When it comes down to non-thermal plasma treatment of gas, it is important to note that there are different ways of doing so. The applicant developed a system, which is a corona radical shower (CRS) system, which generates a certain type of Non-Thermal Plasma (NTP). “Corona discharge” is a name of one discharge process that leads to NTP. The applicant developed a pulsed-plasma system, which is capable of generating high-density NTP.

It must be noted that the gas that is released from the plasma system may need some post- treatment (for example UV treatment, gas-washing, gas-scrubbing, or gas filtering) before it can be released into nature.
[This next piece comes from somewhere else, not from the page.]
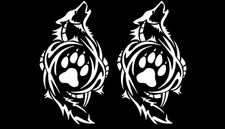 Tribal Wolf Howling Paw TWO PACK 6" White Vinyl Decal Car Laptop Tablet Window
Fig. 2 shows a high-voltage non-thermal plasma system of non-prepublished patent publications PCT/N02021/050229 and PCT/N02021/050230, which is very advantageous for the current invention. The figure shows a high-voltage non-thermal plasma system 200 comprising the high-voltage generation circuit 100 of these two patent publications driving two high-voltage non-thermal plasma chamber electrodes EL1A, EL2A.

The high-voltage generation circuit 100 comprises of a (modified) transformer T having a primary coil L1 and a secondary coil L2 that are magnetically coupled via a magnetizable core, which is connected with its secondary side to a multi-stage full-wave rectifier circuit MS comprising stages with diodes D and capacitors C. The special thing with this rectifier circuit MS is that it is modified and actually connected in a rather non-straightforward way. The original output To of the rectifier circuit is connected to a ground terminal GND as illustrated. The inputs of the rectifier circuit, which also are connected with the secondary side of the transformer T now become the outputs To1 , To2 of the high-voltage generation circuit 100. But rather than producing a large positive voltage, as the original output To would do, these new outputs To1 , To2 push the voltage towards large negative values. The inventors realized this works the same for creating plasma. The non-thermal plasma system 200 comprises both the high-voltage generation circuit 100 as well as the plasma electrodes. Conventionally, in a pulsed non-thermal plasma gas-treatment system, the plasma chamber (not shown) typically comprises electrode pairs, each having one high-voltage non-thermal plasma chamber electrode EL1A, EL2A (connected to the respective output terminals To1 , To2 of the high-voltage generation circuit 100 as illustrated) and one ground electrode EL1 B, EL2B (connected to the ground terminal GND as illustrated). It is the very circuit of Fig. 2, which opens up an interesting possibility.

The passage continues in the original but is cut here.